In the records below, find the line that holds "Imagen de resonancia". Restate it and every later line exactly, stopping at the end and skipping pictures.

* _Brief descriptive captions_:
_ _ _

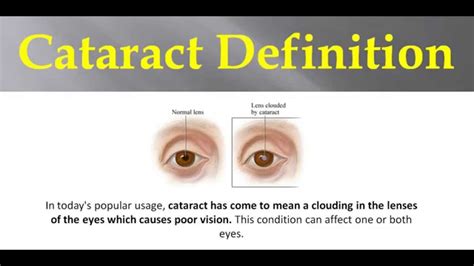 Cataracts Definition   YouTube
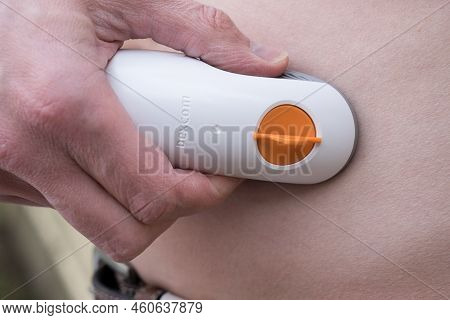 Sydney, Australia - 2022-07-31 Cgm - Continuous Glucose Monitoring: Dexcom G6 Sensor Installationon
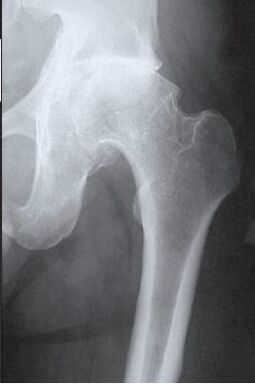 Imagen de resonancia magnética de la articulación de la cadera afectada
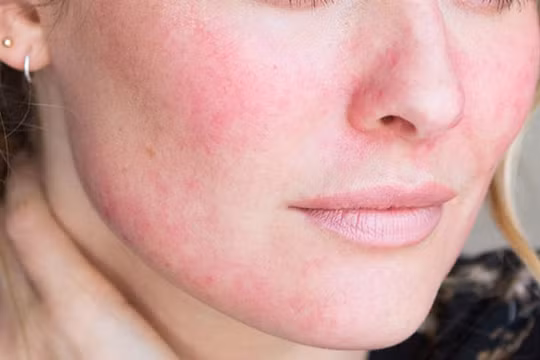 Những thay đổi cơ thể cảnh báo sức khoẻ bạn đang gặp nguy hiểm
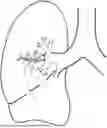 Fig. 01 - Implantable Artificial Bronchus And Use Of An Implantable Artificial Bronchus
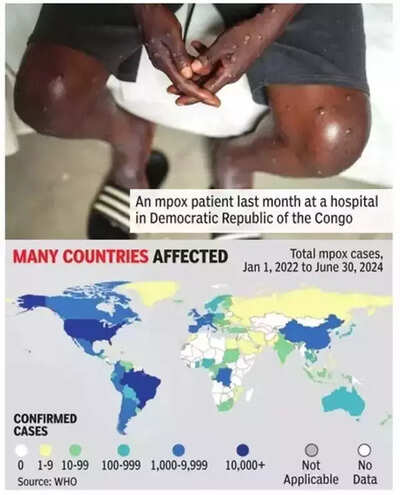 8. Why Mpox has triggered second global alert in two years - Times of India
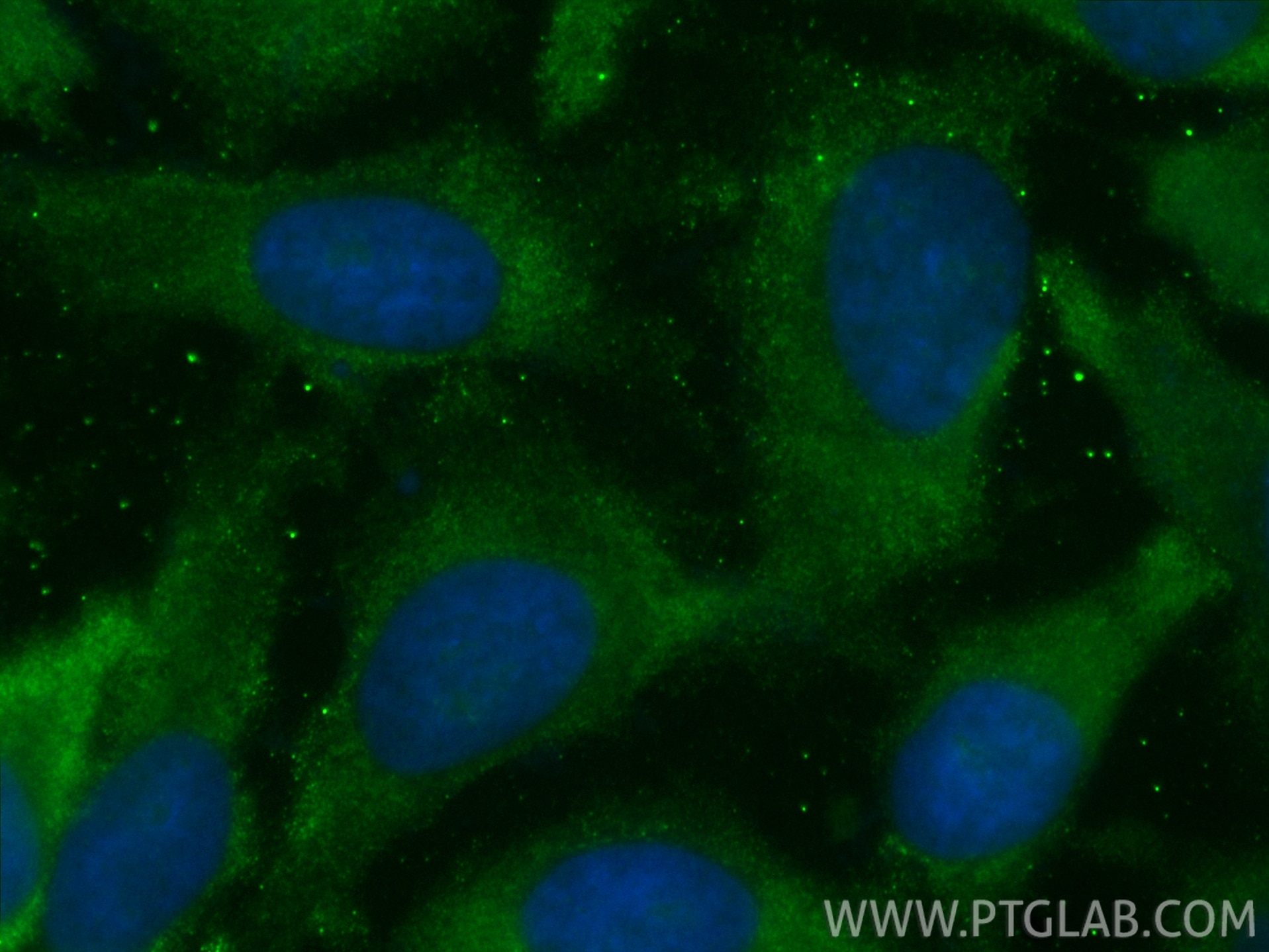 Immunofluorescence (IF) / fluorescent staining of HeLa cells using CoraLite® Plus 488-conjugated TFEB Recombinant mon (CL488-84675-5)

_ _ _

* _TASK OUTPUT_:
 Imagen de resonancia magnética de la articulación de la cadera afectada
 Những thay đổi cơ thể cảnh báo sức khoẻ bạn đang gặp nguy hiểm
 Fig. 01 - Implantable Artificial Bronchus And Use Of An Implantable Artificial Bronchus
 8. Why Mpox has triggered second global alert in two years - Times of India
 Immunofluorescence (IF) / fluorescent staining of HeLa cells using CoraLite® Plus 488-conjugated TFEB Recombinant mon (CL488-84675-5)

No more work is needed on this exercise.